“When I am grown,” Nerys said, “I shall be Chosen.”
“Oh, no, you won’t,” said Kelyn. “I will. And you will see me riding my Companion, all bright and shining in my Whites, and tear out your hair in rage.”
Nerys laughed at her, but with an edge of unease. Nerys had beautiful hair, long and shining, so black it shone blue, and she was very vain of it. Kelyn, whose hair was slightly less straight but otherwise exactly like it, had no reason for envy, but it made a useful weapon in their endless war.
When Nerys was old enough to ride, her father gave her a beautiful white pony with a long silken mane. Naturally Kelyn had to have one, too, but hers had blue eyes. Though they were not the deep clear blue of a Companion’s, they were close enough to keep a child happy—until Nerys mocked them. “Glass eyes! How ugly. She looks as if she’s been dead in the water for days.”
Kelyn reared back, knotted her fist, and knocked Nerys flat. It was the one and only time in all their enmity that either struck a blow against the other.
Kelyn stood over Nerys where she lay sprawling and said perfectly calmly, “Leave my horse alone.”
To everyone’s amazement, Nerys did. Their war went on, but people and animals were exempt. It was entirely and exclusively personal.
One splendid summer morning, a few days after her thirteenth birthday, Nerys galloped her pony up the steep track to the highest sheep pasture. It was not a track to be galloping on, and her errand was only mildly urgent, but Nerys was out of patience with the world.
In honor of their unfortunately mutual birthday, Kelyn had received her first silk gown and had been allowed to put her hair up. Nerys’ mother had given her a necklace of amber beads, a fine wool cloak, and a new saddlecloth for her pony.
Those were excellent gifts, and under any other circumstances Nerys would have been delighted. But Kelyn had outdone her, and Nerys’ parents would not hear a word about it. “There’s time enough for you to play at being a woman,” her mother said.
It was small consolation that Kelyn spilled barley beer on her dress before she had been in it an hour, and it was not even Nerys’ fault. The dress was still silk, and fit for a woman grown. Nerys was still being treated like a baby.
In the back of her mind, Nerys knew she was being unreasonable. That was hardly enough to stop her. So she pushed her pony hard up the steep and rocky track, and trusted him not break either of their necks.
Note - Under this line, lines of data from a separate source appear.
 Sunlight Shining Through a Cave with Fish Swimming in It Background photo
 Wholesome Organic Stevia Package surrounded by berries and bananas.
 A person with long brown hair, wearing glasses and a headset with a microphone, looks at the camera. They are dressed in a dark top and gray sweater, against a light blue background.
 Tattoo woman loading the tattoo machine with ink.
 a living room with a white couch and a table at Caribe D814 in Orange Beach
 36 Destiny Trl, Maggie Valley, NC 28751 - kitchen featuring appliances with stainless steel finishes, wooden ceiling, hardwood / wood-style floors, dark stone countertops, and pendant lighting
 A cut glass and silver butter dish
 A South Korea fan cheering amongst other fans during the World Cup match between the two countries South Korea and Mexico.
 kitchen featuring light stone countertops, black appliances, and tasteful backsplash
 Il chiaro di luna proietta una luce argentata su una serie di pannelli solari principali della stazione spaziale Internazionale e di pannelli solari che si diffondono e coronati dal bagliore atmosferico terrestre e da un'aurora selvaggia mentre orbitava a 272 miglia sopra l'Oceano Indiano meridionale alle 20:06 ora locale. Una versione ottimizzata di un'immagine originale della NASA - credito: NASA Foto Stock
The pony might be small, and growing smaller for Nerys by the year, but he was surefooted and quick. He brought them both safely to the high pasture.
The sheep were grazing peacefully in the clear morning sunlight. The shepherd’s big white dogs stood guard, looking like sheep themselves unless they moved. The shepherd was not in her hut or anywhere on the mountaintop.
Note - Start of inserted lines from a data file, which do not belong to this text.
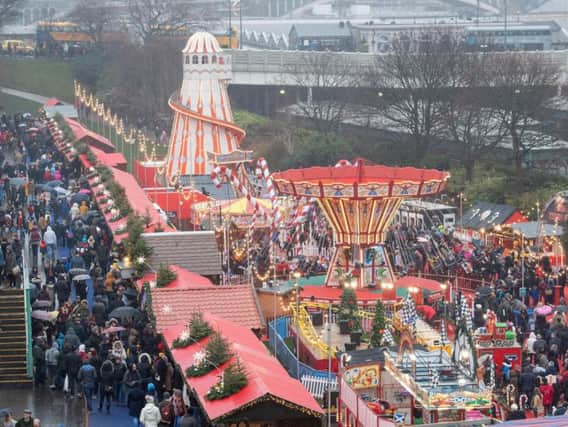 Edinburgh's Chrismas market and fairground can attract up to 100,000 festive revellers. PIC: TSPL.
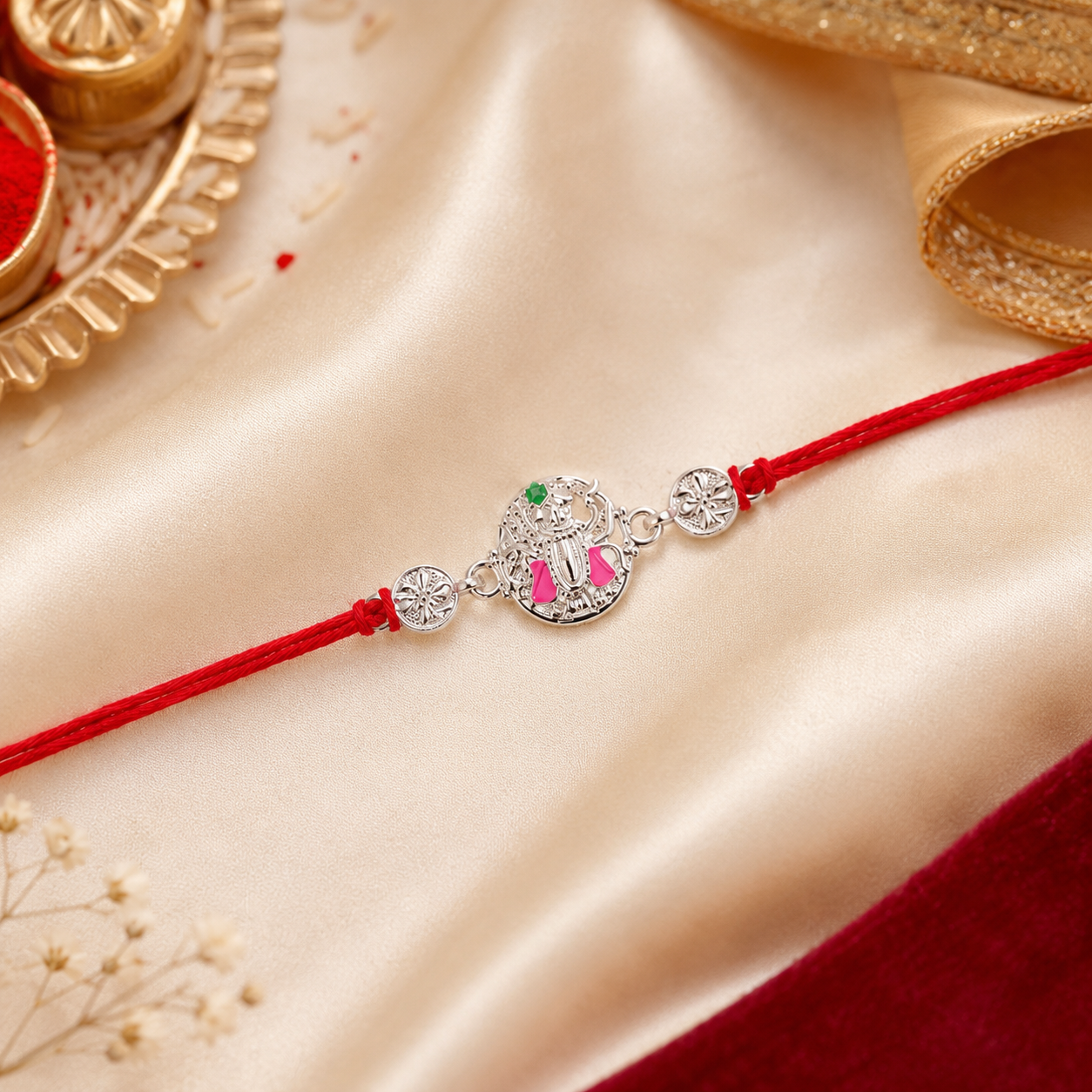 Silver Floral Meenakari Rakhi on Red Thread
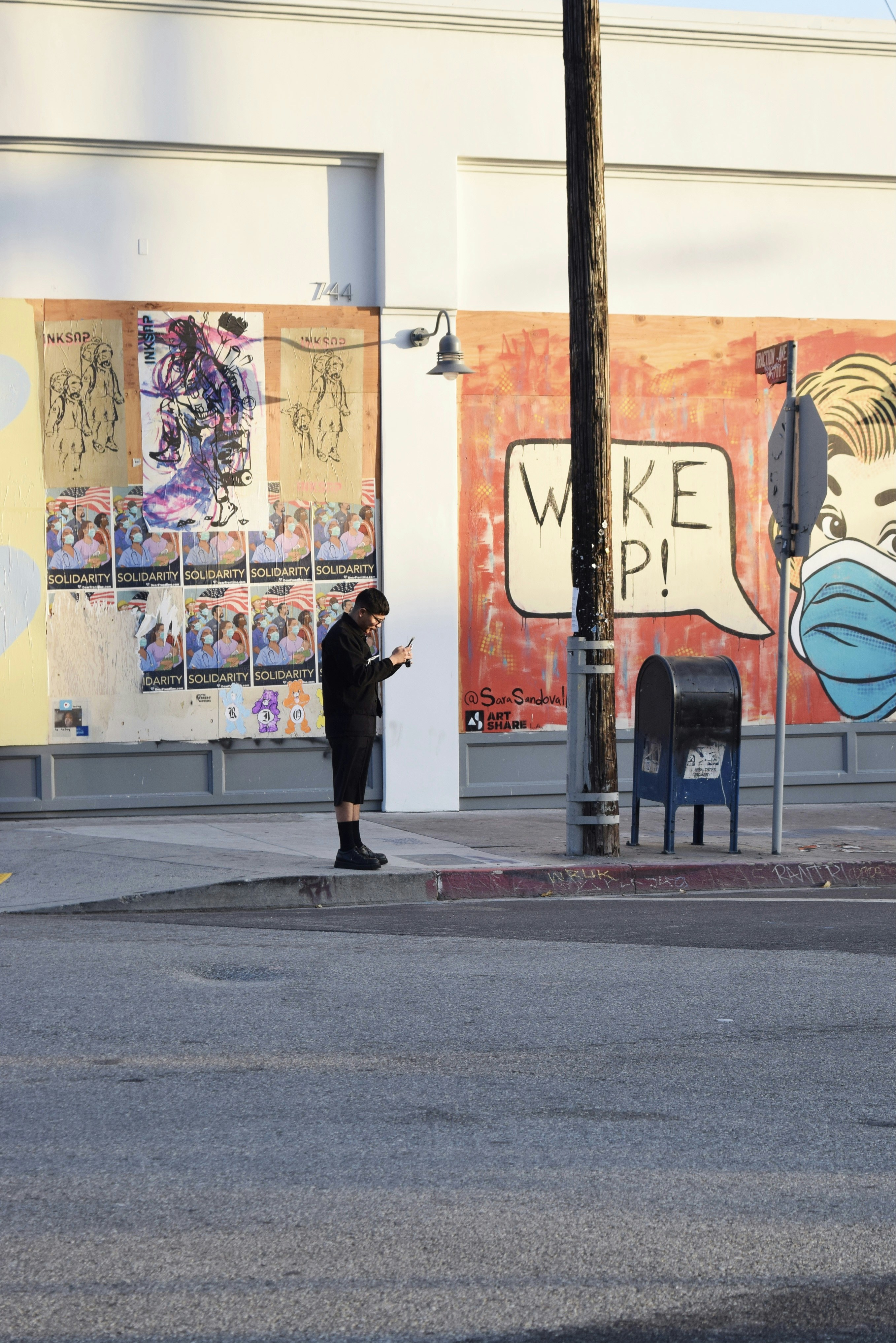 woman in black jacket walking on sidewalk during daytime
She could not have gone far. Nerys had brought fresh bread and honey sweets and the first small hard apples of the season as gifts from her mother; she left them in the hut where the shepherd could see them. The message she had to deliver, that some of the ewes had been sold and should come down off the mountain within the tenday, could wait all day if it had to—and so could Nerys.
A whole day to herself was a rare and wonderful thing, now she was almost a woman. The almost barely stung up here, where the air was thin and clear and the world seemed far away.
Nerys pulled the saddle and bridle off the pony, rubbed him down and turned him loose among the sheep. He paused to drink long and deeply from the stream that ran through the pasture and then set to grazing on the rough, scrubby grass.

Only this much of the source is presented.